看起来好像在 Amazon AMI(最新版本)上忽略了该resolv.conf
选项。考虑以下情况:use-vc
2016.09
[hadoop@ip-172-20-40-202 ~]$ cat /etc/resolv.conf
search default.svc.cluster.local svc.cluster.local cluster.local ec2.internal
options use-vc ndots:5 timeout:2 attempts:5
nameserver 172.20.53.184
nameserver 172.20.0.2
如果我nslookup
以交互方式使用,强制通过 TCP 使用set vc
,则查询工作完全按预期进行:
[hadoop@ip-172-20-40-202 ~]$ nslookup
> set vc
> kafka.default.svc.cluster.local
;; Got recursion not available from 172.20.53.184, trying next server
;; Got recursion not available from 172.20.53.184, trying next server
;; Got recursion not available from 172.20.53.184, trying next server
Server: 172.20.53.184
Address: 172.20.53.184#53
Name: kafka.default.svc.cluster.local
Address: 100.96.14.2
Name: kafka.default.svc.cluster.local
Address: 100.96.7.2
Name: kafka.default.svc.cluster.local
Address: 100.96.13.2
> kafka
Server: 172.20.53.184
Address: 172.20.53.184#53
Name: kafka.default.svc.cluster.local
Address: 100.96.14.2
Name: kafka.default.svc.cluster.local
Address: 100.96.7.2
Name: kafka.default.svc.cluster.local
Address: 100.96.13.2
> exit
然而,如果任其发展,nslookup
就会失败:
[hadoop@ip-172-20-40-202 ~]$ nslookup kafka.default.svc.cluster.local
Server: 172.20.0.2
Address: 172.20.0.2#53
** server can't find kafka.default.svc.cluster.local: NXDOMAIN
与 相同dig
。

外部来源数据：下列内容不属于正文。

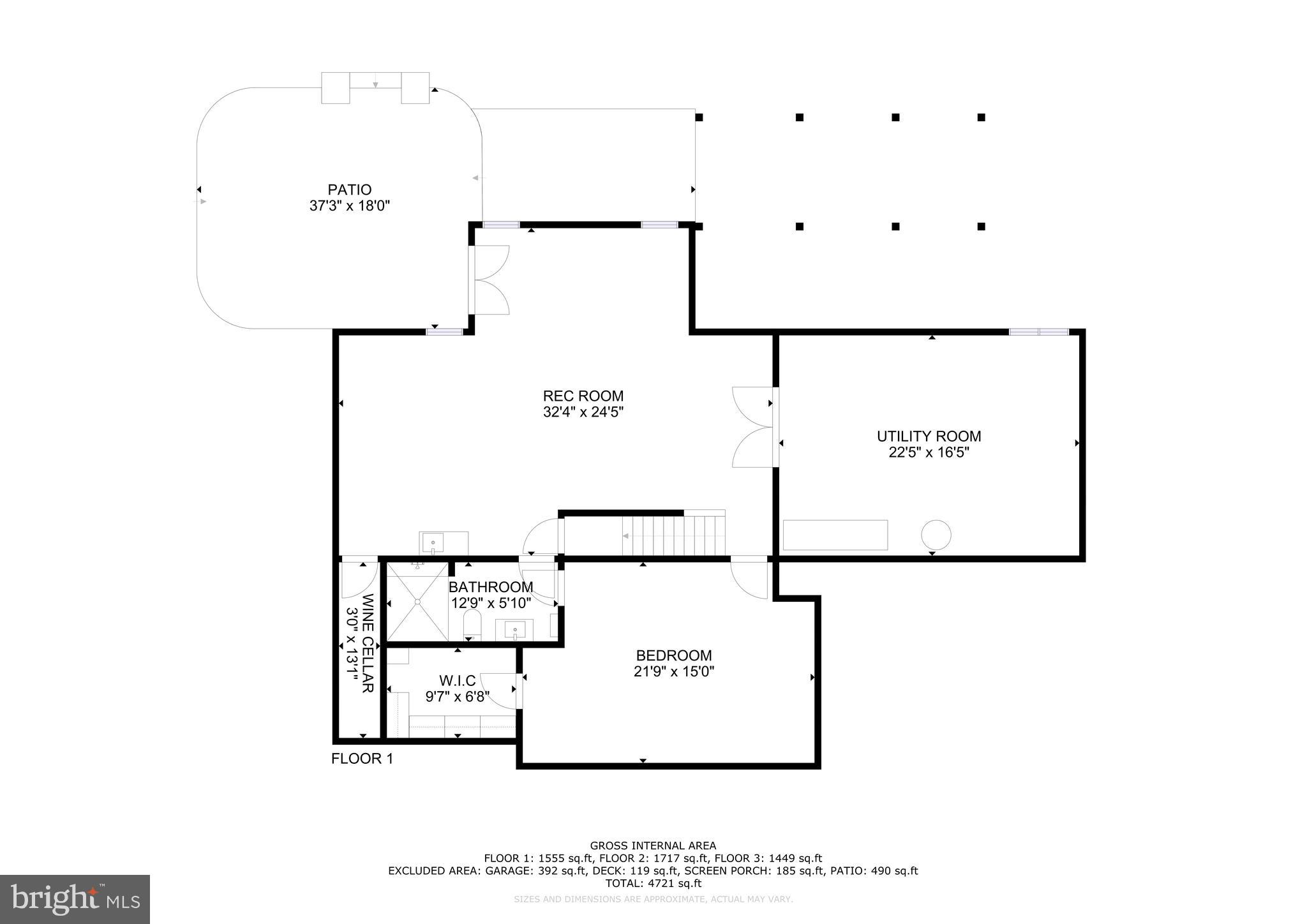RIDINGS AT BLUE SPRINGS - Residential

强制 TCP 按预期工作:
[hadoop@ip-172-20-40-202 ~]$ dig +vc kafka.default.svc.cluster.local
; <<>> DiG 9.8.2rc1-RedHat-9.8.2-0.47.rc1.52.amzn1 <<>> +vc kafka.default.svc.cluster.local
;; global options: +cmd
;; Got answer:
;; ->>HEADER<<- opcode: QUERY, status: NOERROR, id: 55634
;; flags: qr aa rd ra; QUERY: 1, ANSWER: 3, AUTHORITY: 0, ADDITIONAL: 0
;; QUESTION SECTION:
;kafka.default.svc.cluster.local. IN A
;; ANSWER SECTION:
kafka.default.svc.cluster.local. 30 IN A 100.96.13.2
kafka.default.svc.cluster.local. 30 IN A 100.96.14.2
kafka.default.svc.cluster.local. 30 IN A 100.96.7.2
;; Query time: 2 msec
;; SERVER: 172.20.53.184#53(172.20.53.184)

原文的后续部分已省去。